What you have to do:
Restate the listing below line for line and word for word, without the pictures.

◆ ◆ ◆ ◆ ◆ ◆ ◆

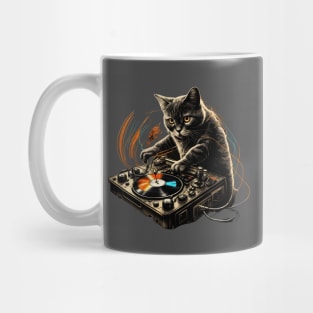 Cat DJ Mug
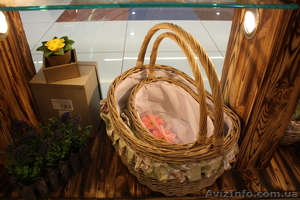 Пасхальные корзины из лозы ,  необыкновенные подставки под яйца - только у нас ! #612102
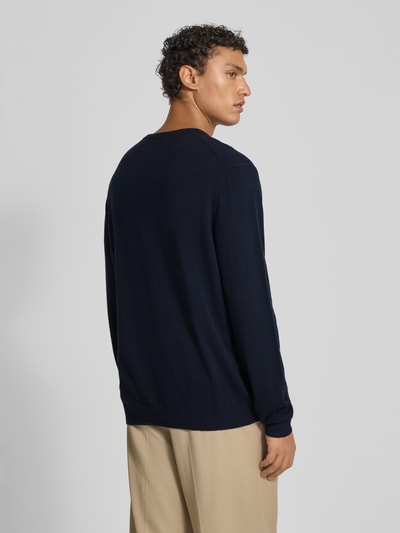 Christian Berg Men Kaschmirpullover mit V-Ausschnitt Marine 5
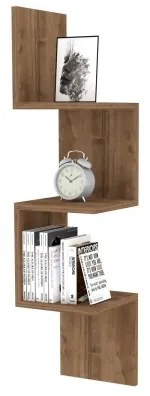 Etajeră de colț ZIKZAK 105,5x25 cm maro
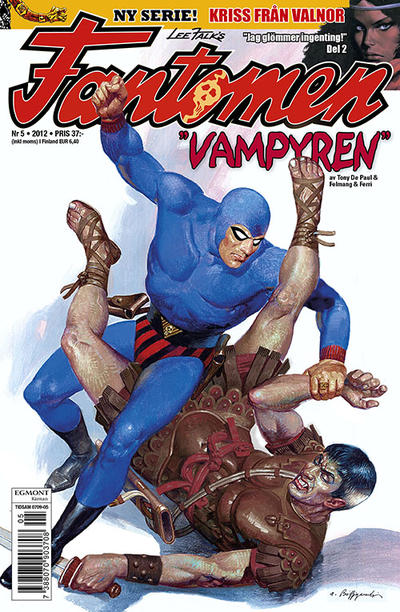 Cover for Fantomen (Egmont, 1997 series) #5/2012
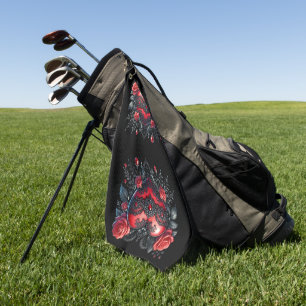 Gothic Heart Valentine Golf Towel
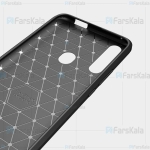 قاب محافظ ژله ای هواوی Fiber Carbon Rugged Armor Case For Huawei Y9 Prime 2019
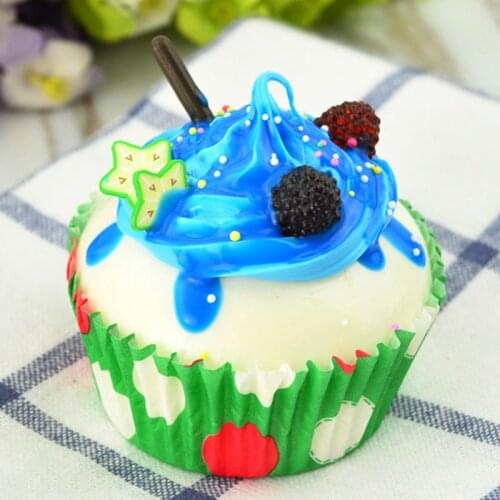 Realistic Artificial Fake Cake Cupcake Model Cup Display Photography Props Crafts Home Decoration F1CC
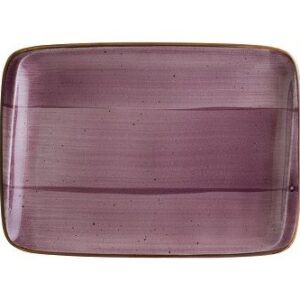 Bonna (Турция) Блюдо прямоуг. 230*160 мм. Блэкберри, форма Мув Bonna /1/12/1260/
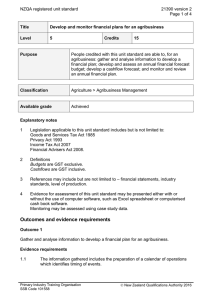 NZQA registered unit standard 21390 version 2  Page 1 of 4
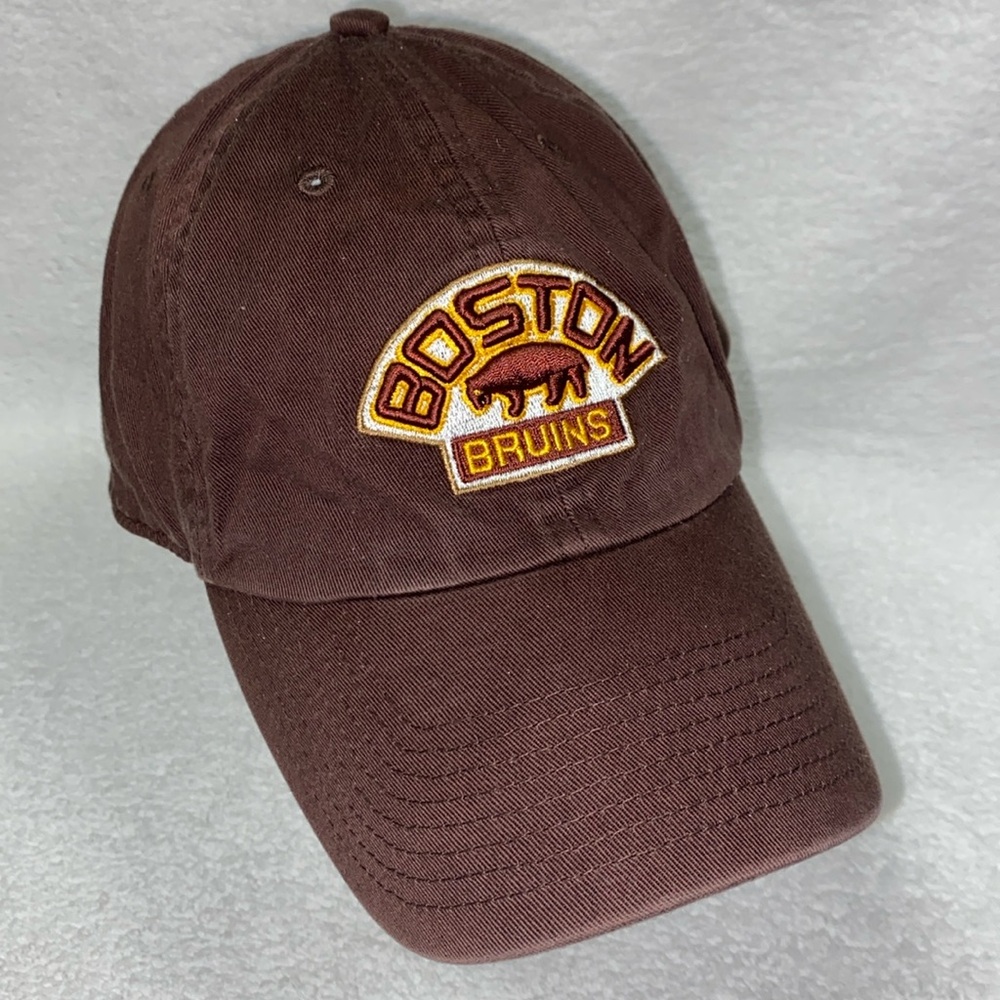 Boston Bruins Twins Enterprise Franchise Vintage Hockey Fitted L Hat Cap NHL A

◆ ◆ ◆ ◆ ◆ ◆ ◆

Your solution:
 Cat DJ Mug
 Пасхальные корзины из лозы ,  необыкновенные подставки под яйца - только у нас ! #612102
 Christian Berg Men Kaschmirpullover mit V-Ausschnitt Marine 5
 Etajeră de colț ZIKZAK 105,5x25 cm maro
 Cover for Fantomen (Egmont, 1997 series) #5/2012
 Gothic Heart Valentine Golf Towel
 قاب محافظ ژله ای هواوی Fiber Carbon Rugged Armor Case For Huawei Y9 Prime 2019
 Realistic Artificial Fake Cake Cupcake Model Cup Display Photography Props Crafts Home Decoration F1CC
 Bonna (Турция) Блюдо прямоуг. 230*160 мм. Блэкберри, форма Мув Bonna /1/12/1260/
 NZQA registered unit standard 21390 version 2  Page 1 of 4
 Boston Bruins Twins Enterprise Franchise Vintage Hockey Fitted L Hat Cap NHL A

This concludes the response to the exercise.